É aí que começa a polêmica e, por isso, resolvi mudar um pouco o foco
desse texto. De acordo com Martill, o exemplar estava depositado no
museu alemão Bürgermeister-Müller e era originalmente oriundo de uma
coleção particular. Mais um gol da Alemanha? Sim, mas tudo indica que
“havia impedimento” dessa vez. O problema é que nunca houve autorização
para que esse fóssil saísse do Brasil. A outra única forma legal para
sua exportação é se ele tiver sido coletado antes de 1942, ano em que
ficou proibida a comercialização de fósseis no país. É isso que alega o
pesquisador, que afirmou que o espécime ali estava por várias décadas.
Mas não há qualquer dado anexado que demonstre a data do depósito.
Chegamos então em um ponto importante. Um fóssil em tão perfeitas
condições e que claramente ilustra um passo importante para a Ciência,
facilmente observável por qualquer paleontólogo especialista no grupo,
dificilmente passaria tanto tempo despercebido.
Max Langer, da Sociedade Brasileira de Paleontologia e Felipe Chaves,
chefe da divisão de proteção de depósitos fossilíferos do Departamento
Nacional de Produção Mineral (DNPM), concederam entrevistas a alguns
órgãos de imprensa afirmando que, “muito provavelmente”, esse fóssil
tenha saído por vias ilegais.
O “muito provavelmente” é aplicado porque de fato não há provas para
isso. O que fazer? Exigir do autor e do museu que mostrem as provas de
que houve legalidade na ação.
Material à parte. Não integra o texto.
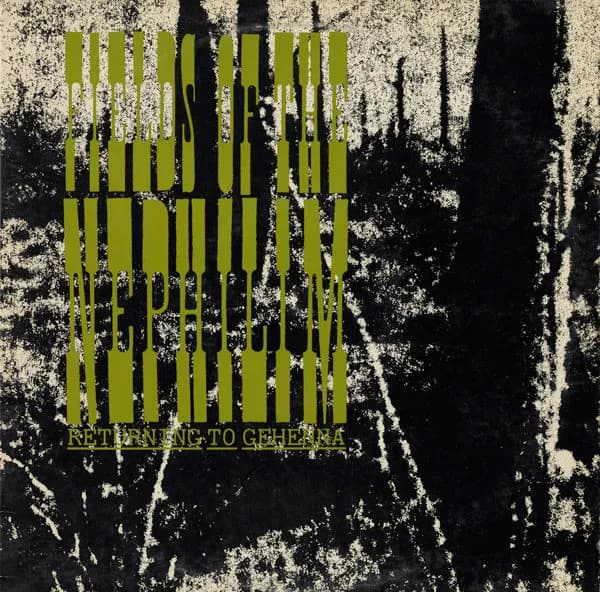 Returning To Gehenna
Cabe ao Governo Brasileiro uma atitude
enérgica contra uma atividade que há séculos vem tolhendo a produção
científica brasileira. Quadrilhas especializadas ainda atuam na retirada
de fósseis na Bacia do Araripe, indubitavelmente um dos sítios
arqueológicos mais importantes do mundo, principalmente para o Cretáceo.
Os maiores beneficiados são colecionadores particulares e pesquisadores
estrangeiros. É preciso que se esgotem os esforços para saber se esse
“muito provavelmente” não é, na realidade, um “com certeza absoluta”.
Em entrevista a algumas fontes, Martill afirma que “não se importa
com a procedência do material”, pois isso não é motivo para atravancar a
Ciência. De fato, a Ciência não pode ser engessada por trâmites
burocráticos fúteis (a exemplo de vários requerimentos que nós,
pesquisadores brasileiros, temos que solicitar para fazer pesquisa
aqui). Entretanto, uma das premissas científicas é pautada pela ética.
Importar-se com a procedência, nesse caso, é um grande exemplo. Uma vez
que o material está depositado de forma irregular em outro país, é
preciso que ele seja repatriado ao seu país de origem. Não é questão de
lei e sim de princípios. Cabe pontuar ainda que Martill é um pesquisador
conhecido por criticar as atuais leis brasileiras de proteção ao
patrimônio genético, além de ser assumidamente comprador de fósseis. A
própria Sociedade Brasileira de Paleontologia já se colocou contra
alguns de seus posicionamentos (confira aqui).
Isso também não exime o Governo da culpa pelo histórico enorme de
descaso em relação às riquezas naturais, paleontológicas e arqueológicas
do Brasil. Parques Nacionais estão às mínguas, sem segurança, sem
estrutura e com pouco incentivo à pesquisa.
A descoberta desse fóssil é um mini retrato da final da Copa do Mundo
de 2014. A vitória foi da Alemanha, o mundo todo gostou de ver e só o
Brasil ficou chorando. E, pelo jeito, ainda vai chorar muito.